Decision Integrity

A decision record is only valuable if you can trust it. Haft has multiple mechanisms to ensure decisions are honest, evidence is real, claims are falsifiable, and the knowledge base stays clean.

Adversarial verification gate

Before recording any decision, the agent runs a verification check. The principle: the agent that generated the options cannot be the sole validator of those options (FPF A.12 — External Transformer Principle).

For tactical decisions (quick, reversible):

  • One-line counter-argument: "The strongest argument against this decision is..."
  • If the counter-argument kills the decision — back to exploring

For standard/deep decisions:

  1. Deductive consequences — "If this is correct, what 3 things must be true?"
  2. Strongest counter-argument — genuine, not a strawman
  3. Self-evidence check — "Is the only evidence from this same conversation?"
  4. Tail failure scenarios — low-probability, high-impact failure modes
  5. WLNK challenge — "Is the stated weakest link actually the weakest?"

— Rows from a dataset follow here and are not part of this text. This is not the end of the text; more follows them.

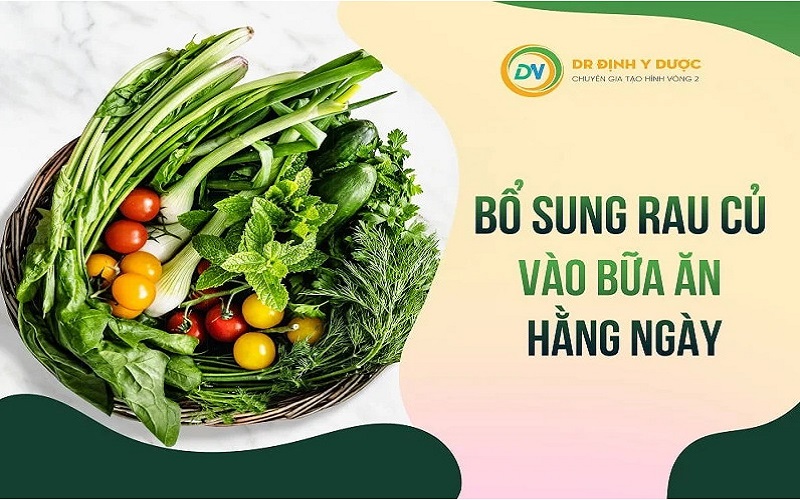 cách giảm vòng 2 hiệu quả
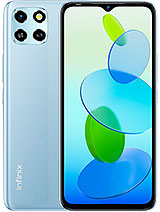 Infinix-Smart-6-HD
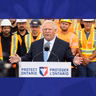 The Last Word On The US: Canada To Match US Tariffs As Trade War Escalates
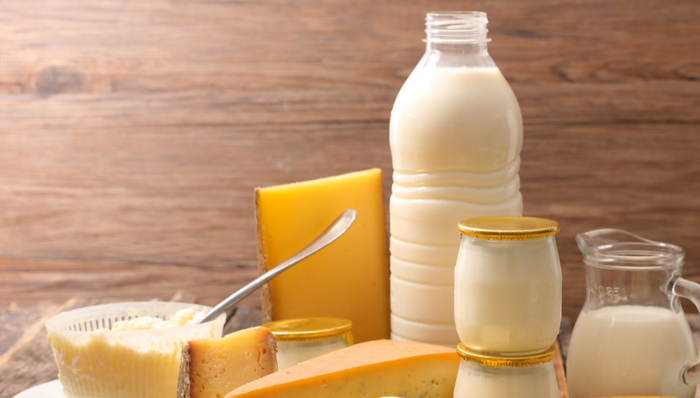 华夏中证细分食品饮料产业主题ETF,食品饮料,华夏中证细分食品饮料产业主题交易型开放式指数证券投资基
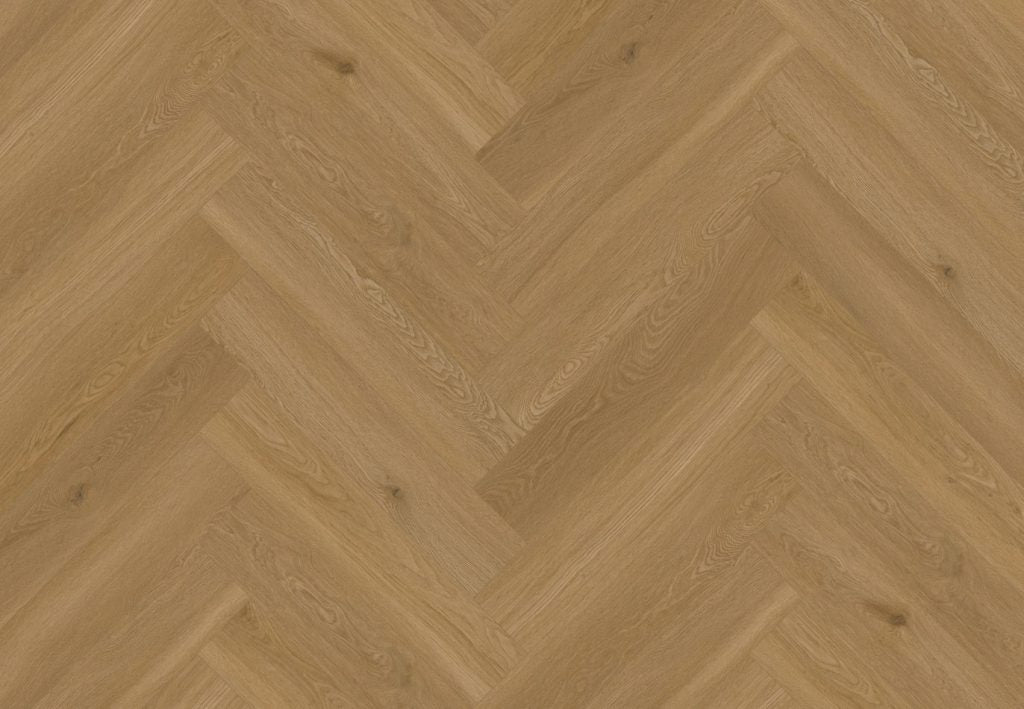 Wonderwood Hybrid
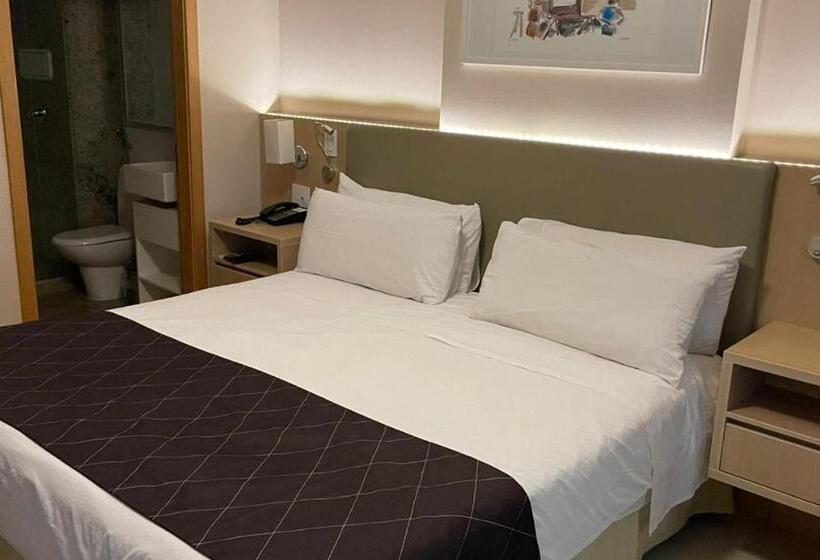 Flat Particular Cullinan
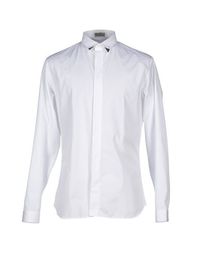 Pубашка Dior Homme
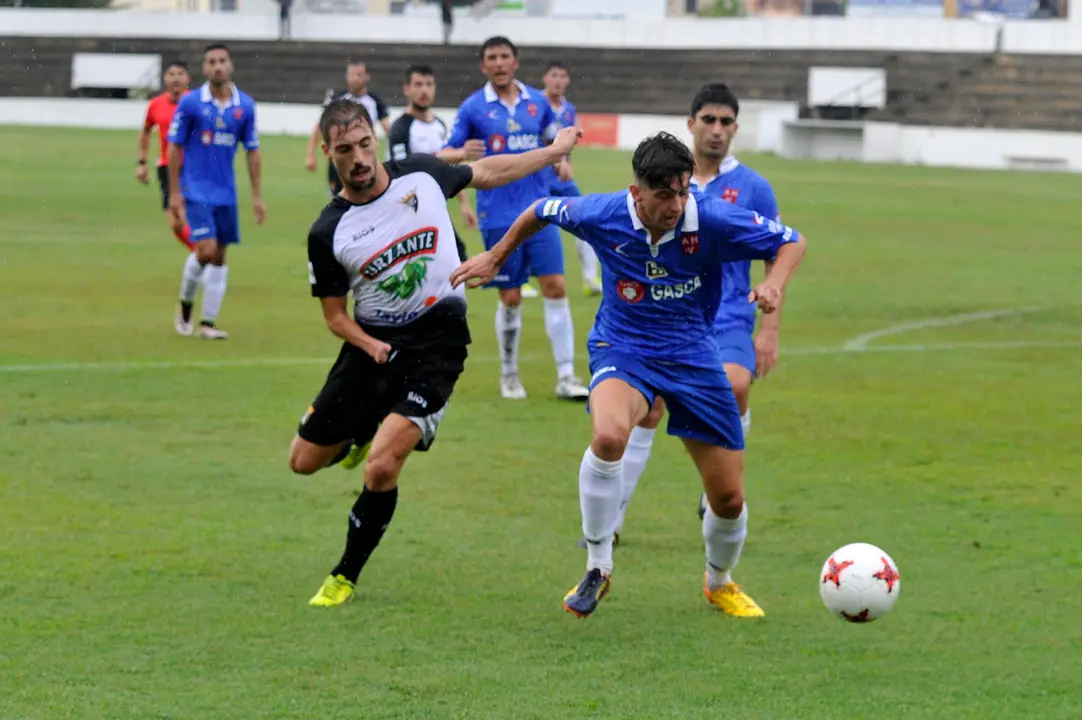 170827_BARAKALDO_65566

Inductive measurement gate

When recording a measurement (verdict: accepted/partial/failed), haft checks whether the decision has a baseline (file hashes were snapshotted). If not:

  • Warning appears in the response: "No baseline found — implementation may not be verified"
  • Measurement records at CL1 (0.4 penalty) instead of CL3 (no penalty)
  • R_eff for unverified measurement: max(0, 1.0 - 0.4) = 0.6 — still healthy, but visibly lower than 1.0

This prevents the agent from calling measure from memory without actually verifying the implementation — a real problem we discovered and fixed during development.

Evidence supersession

When a new measurement is recorded on a decision that already has a measurement, the old measurement is marked verdict='superseded' and excluded from R_eff computation. This prevents old partial measurements from permanently dragging R_eff down.

Superseded evidence stays in the database for audit — it's not deleted, just excluded from the active chain.

Note-decision deduplication

Notes and decisions serve different purposes. Notes are observations ("we use Redis here"). Decisions are contracts ("we chose Redis because X, with invariants Y and rollback Z"). When someone tries to record a note that duplicates an existing decision, haft catches it.

The check uses containment (not Jaccard similarity):

  • >70% of note's words in a decision title — rejected with explanation
  • 50-70% — warning, note still recorded
  • <50% — pass silently

Same check runs note-vs-note to prevent duplicate notes accumulating.

Batch cleanup: /h-verify action="reconcile" scans all active notes against all active decisions in one pass and reports overlaps.

Claims with verify_after

Decisions often contain predictions: "this cache will reduce p99 latency by 40%" or "migration will complete within 2 sprints." In v6, these are structured as claims — falsifiable predictions attached to a decision.

A claim has three components:

  • observable — what to measure ("p99 latency of /api/search")
  • threshold — what counts as success ("< 200ms")
  • verify_after — when to check ("2026-05-15")
Claims:
  - observable: "p99 latency of /api/search"
    threshold: "< 200ms"
    verify_after: 2026-05-15

  - observable: "cache hit rate"
    threshold: "> 85%"
    verify_after: 2026-05-01

When a verify_after date passes and the claim remains unverified, /h-verify scan surfaces it as "pending verification." The agent prompts you to collect evidence: did the prediction hold? The result attaches as CL3 evidence if verified against production data, pulling R_eff up or down based on reality.

Claims are falsifiable by design. A claim without a concrete observable and threshold is not a claim — it's a hope. Haft rejects claims that lack these fields.

Decisions as test specs

Full-cycle decisions contain enough structure to serve as test specifications: invariants, post-conditions, admissibility constraints, and affected file paths. Any coding agent can translate these into property-based tests.

Language Property-based testing library
Gorapid, gopter
Pythonhypothesis
Rustproptest
TypeScriptfast-check

Test results attach as CL3 evidence — the highest confidence level in the R_eff model. This creates a closed loop: decisions define what must hold, tests verify that it holds, evidence records the verification, and R_eff reflects the trust level.

When code drifts (files change after baseline), R_eff drops, and the tests need to re-run. The integrity system doesn't just check that decisions were made honestly — it checks that reality still matches the decision.